Били барабаны близ золотого купола Дома инвалидов. Одиннадцать летчиков несли гроб, накрытый трехцветным французским флагом, сзади на подушке несли все награды героя, военные похороны, хор пел «Марсельезу» и «Колокол звонит по мертвым»… А потом все стали с недоумением переглядываться. Анна запела Вертинского. «Вы слышали, как я пою?» – «Слышал». У нее совсем другой негр. И голос каркающий, хриплый. Трагический…
Но песня, которую он слышал столько раз у матери в гостиничной служебке: «Лиловый негр вам подает манто…» – та самая. Она и вспоминалась ему в последний час жизни…
Я прохожу по Променаду мимо отеля «Негреско» и присаживаюсь на скамейку. Может, они сидели здесь с матерью, слушали ресторанную музыку. Там у нее был лоток с ее товаром в вестибюле. А он подрабатывал здесь посыльным. Про все это есть в одном из лучших романов Гари, посвященных матери, «Обещание на рассвете». Впрочем, как восстановить жизнь по рассказам придумщика, мистификатора? Да и мама его Нина (Мина) Овчинская была фантазерка. Читая первую книгу о Гари, я сочувствовал его прекрасному биографу Доминик Бона и сомневался в каждой пересказанной байке. Во всем, кроме того, что он был материнской жизнью, ее радостью, ее гордостью, искупленьем проигранной жизни, платой ее бесовскому тщеславию и состоявшейся любви. Да, об этом он и писал в романе:
Плохо и рано быть так сильно любимым в детстве, вырабатывает дурную привычку. Вы приучаетесь верить, что любовь поджидает вас где-то, стоит только ее найти. <…> С материнской любовью на заре вашей юности вам дается обещание, которое жизнь не выполняет никогда. Поэтому до конца своих дней вам придется жить впроголодь. И всякий раз, когда женщина сжимает вас в объятьях, вы понимаете, что это не то. <…> С первым лучом рассвета вы познали истинную любовь, прочертившую в вас глубокий след.
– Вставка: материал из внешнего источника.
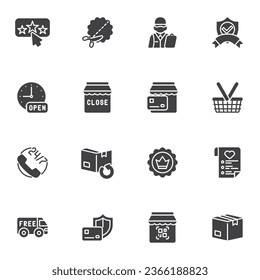 Ecommerce vector icons set, online shopping modern solid symbol collection, filled style pictogram pack. Signs, logo illustration. Set includes icons as shopping basket, delivery, payment, shipping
Всюду с вами будет ад сравнения, и вы маетесь всю жизнь в ожиданье того, что уже получили.
Новые биографы найдут новые неточности в рассказах об этой жизни, придуманной как роман. Неудачливая актриса из семьи еврея-кустаря из Курска (а может, она и не была актрисой, а только отиралась при театре) родила в 1914 году мальчика от актера Арье-Лейба Кацева, вскоре ее оставившего, так что ни роли на французском языке, ни парижских гастролей, ни знакомства с тогдашним кумиром Иваном Мозжухиным в жизни невзрачной девушки не было. Была только фотография знаменитости на тумбочке, безумное честолюбие, неуемные выдумки и незаурядный талант выживания. И дороги послевоенной Европы, и настоящие (а может, отчасти и придуманные) невзгоды, и жизненная стойкость заносчивой матери-одиночки. Вероятно, из Курска она бежала в Вильну, оттуда в Варшаву и, наконец, к родственникам в Ниццу. У нее нет образования, но есть способности и выдумка, есть предприимчивость: она выживает мелкой торговлей (шляпки и дешевые украшения). Ее Рома кончает лучший в Ницце лицей (и нынче в вестибюле лицея Массена увидишь на стене его имя среди отличников 1929 года). Французский он начинает изучать только в 14 лет, но учит его упорно и успешно, в университете Экс-aн-Прованса он не засиживается, переезжает в Париж и упражняется в писании. Рассылает по журналам рассказы. Один рассказ был чудом напечатан, и мать скупает в Ницце «наш номер» журнала «Гренгуар».
Не большего успеха добивается он пока и в летном деле. Попав на военные сборы, он учится в летной школе, но единственным из всего выпуска не получает офицерского звания. Его объяснение неудачи своим нефранцузским происхождением не внушает доверия, зато намек на то, что он волочился за женой начальника, звучит вполне правдоподобно.